Infine, posto che nel provvedimento impugnato non vi è traccia della questione relativa alla leva obbligatoria ed al pericolo di essere inviato al fronte, è principio consolidato di questa Corte che i motivi del ricorso per cassazione devono investire, a pena di inammissibilità, questioni che siano già comprese nel thema decidendum del precedente grado del giudizio, non essendo prospettabili per la prima volta in sede di legittimità questioni nuove o nuovi temi di contestazione non trattati nella fase di merito, tranne che non si tratti di questioni rilevabili d’ufficio (Cass., 17/01/2018, n. 907; Cass., 09/07/2013, n. 17041). Ne consegue che, ove nel ricorso per cassazione siano prospettate questioni non esaminate dal giudice di merito, è onere della parte ricorrente, al fine di evitarne una statuizione di inammissibilità per novità della censura, non solo di allegare l’avvenuta loro deduzione innanzi al giudice di merito, ma anche, in ossequio al principio di specificità del motivo, di indicare in quale atto del giudizio precedente lo abbia fatto, nonchè il luogo e modo di deduzione, onde consentire alla S.C. di controllare “ex actis” la veridicità di tale asserzione prima di esaminare il merito della suddetta questione (Cass., 13/06/2018, n. 15430).

Nel caso di specie, il ricorrente non ha adempiuto a tale onere di allegazione, non avendo neppure dedotto di aver prospettato tale tema d’indagine innanzi al Tribunale di Venezia.
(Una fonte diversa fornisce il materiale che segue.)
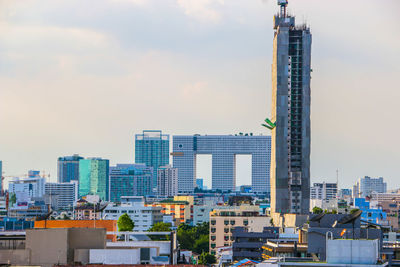 City skyline against cloudy sky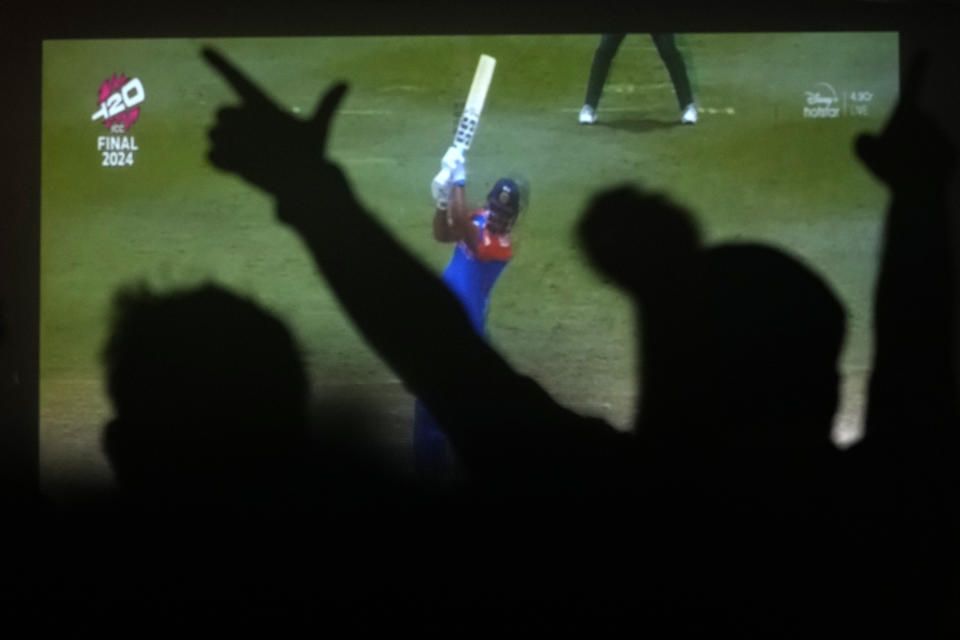 Cricket fans cheer as they watch the live coverage of the ICC Men's T20 World Cup final match between India and South Africa being played at Bridgetown, Barbados in Mumbai, India, Saturday, June 29, 2024. (AP Photo/Rajanish Kakade)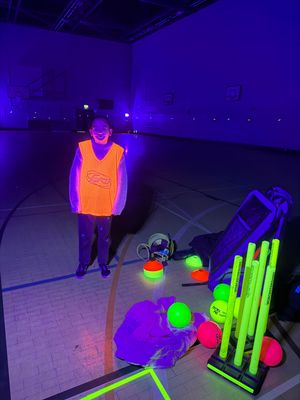 Mahnoor Qayyum with Glow cricket equipment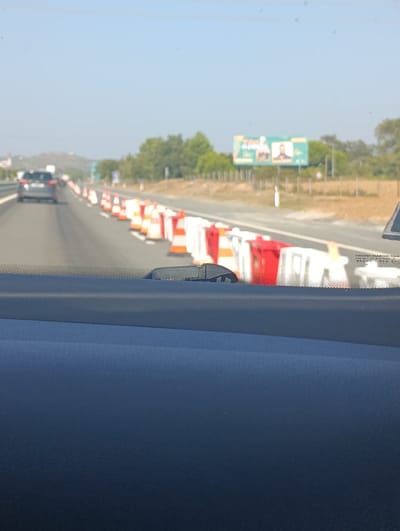 The image shows a view from inside a vehicle, looking forward onto a highway in Santiago do Cacém, Portugal. A line of orange and white traffic cones and red and white barriers are visible on the right side of the road, indicating road construction or lane closure. A dark-colored car is in the left lane ahead of the viewpoint. In the background, there are trees, a billboard, and a hillside. The sky is clear and blue.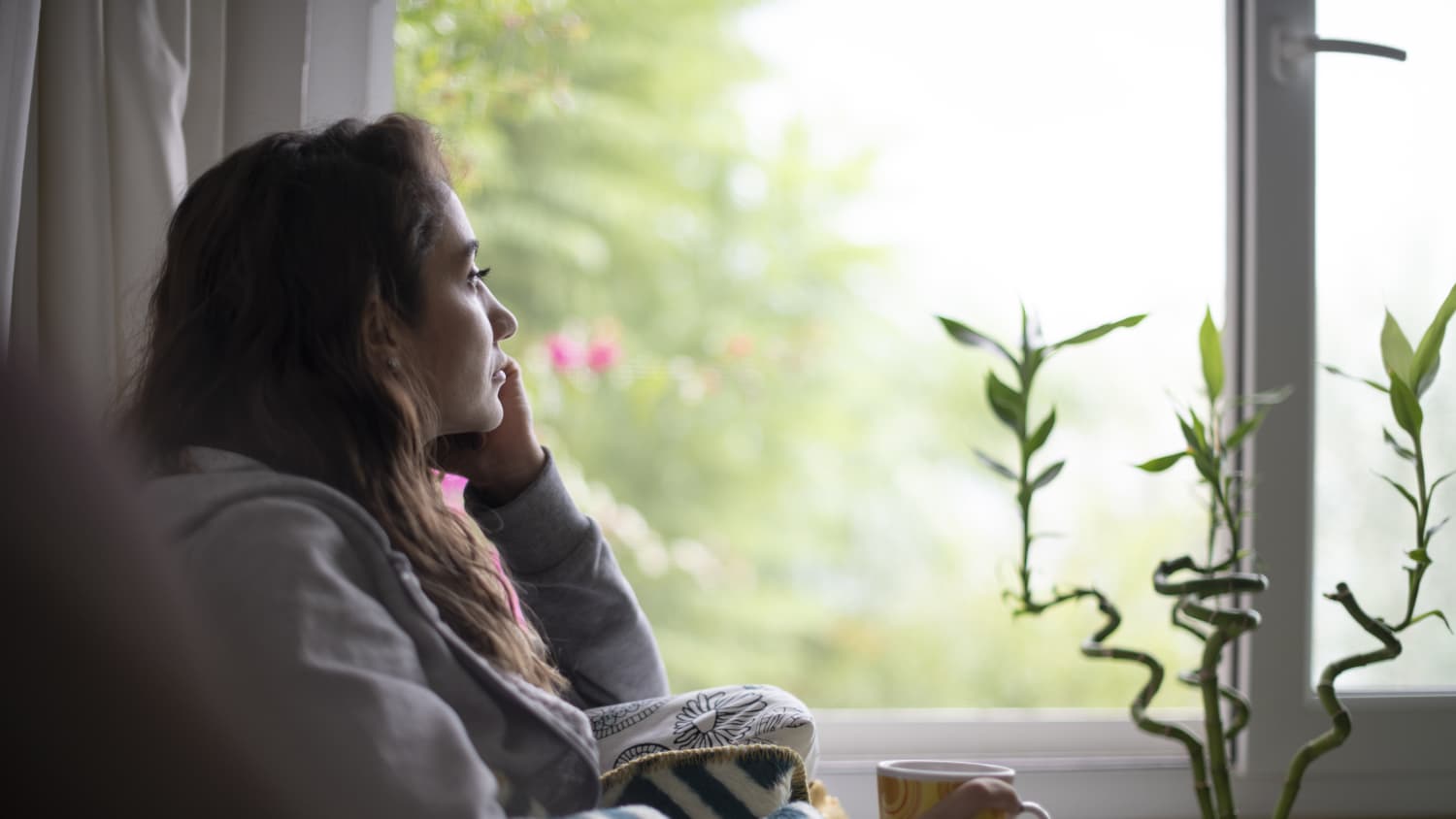 woman looking out window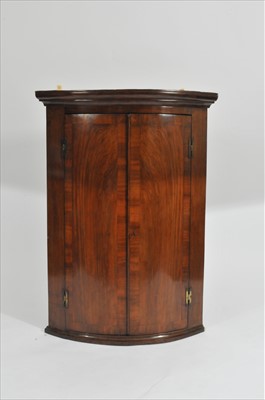 Lot 345 - A 19th century cross-banded walnut veneered barell-fronted corner cupboard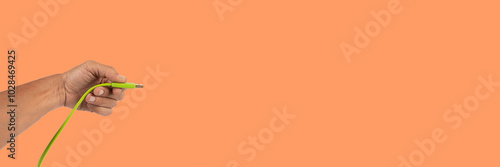 Black male hand holding a USB cable isolated on orange banner background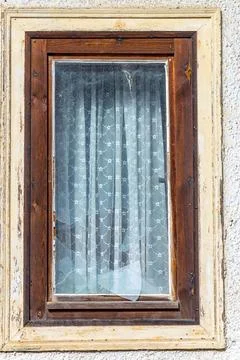 Destroyed window pane in a wood window A Destroyed window pane in a wood w... Stock Photos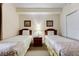 Bright bedroom with two twin beds, nightstand, and window at 13427 Blue Heron Beach Dr # 1004, Orlando, FL 32821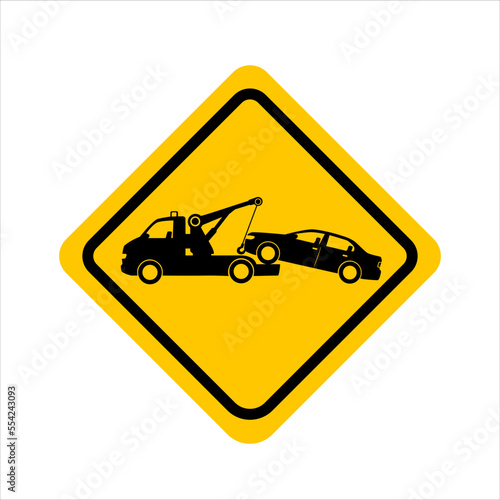 Sign of a tow truck yellow in the form of a rhombus. Warning tow away zone sign. Tow truck yellow road sign. Towing truck van with car. Vector isolated flat illustration.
Il rigetto del ricorso non comporta la condanna del ricorrente al pagamento delle spese processuali, non essendosi il Ministero dell’Interno costituito in giudizio.

PQM

Rigetta il ricorso.

Ai sensi del D.P.R. n. 115 del 2002, art. 13, comma 1 quater, dà atto della sussistenza dei presupposti per il versamento da parte del ricorrente dell’ulteriore importo a titolo di contributo unificato pari a quello dovuto per il ricorso principale, se dovuto, a norma dello stesso art. 13, comma 1 bis.

Così deciso in Roma, il 30 giugno 2020.